What is required — Once you reach the line containing "A giant painted" in the entries below, write out that line and each one after it down to the line containing "A room with a", exactly and with nothing added.

-- Opening Marker --

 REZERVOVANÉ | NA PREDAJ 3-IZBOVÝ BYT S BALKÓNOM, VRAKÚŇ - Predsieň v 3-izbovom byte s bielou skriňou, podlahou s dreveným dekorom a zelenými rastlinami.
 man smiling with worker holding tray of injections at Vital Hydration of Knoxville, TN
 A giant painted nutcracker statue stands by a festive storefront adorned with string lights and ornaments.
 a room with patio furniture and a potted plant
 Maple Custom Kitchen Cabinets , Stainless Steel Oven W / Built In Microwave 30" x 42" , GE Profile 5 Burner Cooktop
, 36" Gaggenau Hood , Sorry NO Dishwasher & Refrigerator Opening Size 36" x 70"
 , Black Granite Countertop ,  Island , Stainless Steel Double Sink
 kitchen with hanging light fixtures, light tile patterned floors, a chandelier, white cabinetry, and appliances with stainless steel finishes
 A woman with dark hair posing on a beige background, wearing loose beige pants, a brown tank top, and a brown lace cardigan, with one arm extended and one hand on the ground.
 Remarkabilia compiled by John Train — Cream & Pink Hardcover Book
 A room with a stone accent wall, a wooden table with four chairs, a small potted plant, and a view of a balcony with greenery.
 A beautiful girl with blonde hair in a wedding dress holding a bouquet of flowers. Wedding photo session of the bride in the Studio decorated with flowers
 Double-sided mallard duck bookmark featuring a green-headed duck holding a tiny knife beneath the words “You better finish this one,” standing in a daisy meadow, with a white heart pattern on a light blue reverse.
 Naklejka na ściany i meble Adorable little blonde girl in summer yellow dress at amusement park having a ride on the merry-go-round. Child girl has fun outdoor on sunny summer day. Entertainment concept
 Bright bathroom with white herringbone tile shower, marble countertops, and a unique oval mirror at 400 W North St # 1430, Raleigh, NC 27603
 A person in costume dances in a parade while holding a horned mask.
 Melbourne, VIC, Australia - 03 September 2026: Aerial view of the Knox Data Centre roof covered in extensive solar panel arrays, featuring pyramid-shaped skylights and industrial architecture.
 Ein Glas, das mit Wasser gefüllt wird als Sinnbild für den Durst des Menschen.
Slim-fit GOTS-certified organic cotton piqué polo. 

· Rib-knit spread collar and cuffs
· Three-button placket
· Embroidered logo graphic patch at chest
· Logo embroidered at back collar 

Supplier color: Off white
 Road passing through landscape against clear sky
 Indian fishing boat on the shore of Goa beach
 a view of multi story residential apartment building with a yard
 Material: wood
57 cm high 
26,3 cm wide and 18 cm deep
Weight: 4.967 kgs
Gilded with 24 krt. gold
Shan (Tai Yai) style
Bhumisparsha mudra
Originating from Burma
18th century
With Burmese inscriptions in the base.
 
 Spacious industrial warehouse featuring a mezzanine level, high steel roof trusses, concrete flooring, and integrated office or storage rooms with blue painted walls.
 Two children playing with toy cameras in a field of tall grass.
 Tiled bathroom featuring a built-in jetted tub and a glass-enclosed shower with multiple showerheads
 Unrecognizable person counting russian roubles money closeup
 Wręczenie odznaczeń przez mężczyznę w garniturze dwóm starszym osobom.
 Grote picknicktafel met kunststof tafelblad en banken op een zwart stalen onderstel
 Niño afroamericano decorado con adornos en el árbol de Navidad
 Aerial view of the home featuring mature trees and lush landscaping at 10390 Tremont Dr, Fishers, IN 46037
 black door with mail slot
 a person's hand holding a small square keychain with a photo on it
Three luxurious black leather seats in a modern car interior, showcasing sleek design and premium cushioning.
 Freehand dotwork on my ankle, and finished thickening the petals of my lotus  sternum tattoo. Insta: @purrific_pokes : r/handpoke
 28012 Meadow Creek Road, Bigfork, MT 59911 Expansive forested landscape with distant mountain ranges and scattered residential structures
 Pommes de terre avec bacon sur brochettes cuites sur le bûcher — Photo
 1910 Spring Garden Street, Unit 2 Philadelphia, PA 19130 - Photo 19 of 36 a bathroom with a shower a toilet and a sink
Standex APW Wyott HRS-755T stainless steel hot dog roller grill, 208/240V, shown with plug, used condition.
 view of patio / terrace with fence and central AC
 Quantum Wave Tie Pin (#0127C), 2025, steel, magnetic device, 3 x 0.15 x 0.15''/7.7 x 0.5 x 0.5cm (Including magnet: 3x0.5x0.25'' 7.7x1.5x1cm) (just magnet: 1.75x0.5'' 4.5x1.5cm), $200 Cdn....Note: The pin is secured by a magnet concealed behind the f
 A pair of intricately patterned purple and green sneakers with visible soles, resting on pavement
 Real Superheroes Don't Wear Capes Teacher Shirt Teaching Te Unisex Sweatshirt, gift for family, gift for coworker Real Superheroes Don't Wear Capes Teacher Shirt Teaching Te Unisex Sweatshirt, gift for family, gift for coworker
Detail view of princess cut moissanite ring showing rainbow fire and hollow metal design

-- Closing Marker --

Task result —
 A giant painted nutcracker statue stands by a festive storefront adorned with string lights and ornaments.
 a room with patio furniture and a potted plant
 Maple Custom Kitchen Cabinets , Stainless Steel Oven W / Built In Microwave 30" x 42" , GE Profile 5 Burner Cooktop
, 36" Gaggenau Hood , Sorry NO Dishwasher & Refrigerator Opening Size 36" x 70"
 , Black Granite Countertop ,  Island , Stainless Steel Double Sink
 kitchen with hanging light fixtures, light tile patterned floors, a chandelier, white cabinetry, and appliances with stainless steel finishes
 A woman with dark hair posing on a beige background, wearing loose beige pants, a brown tank top, and a brown lace cardigan, with one arm extended and one hand on the ground.
 Remarkabilia compiled by John Train — Cream & Pink Hardcover Book
 A room with a stone accent wall, a wooden table with four chairs, a small potted plant, and a view of a balcony with greenery.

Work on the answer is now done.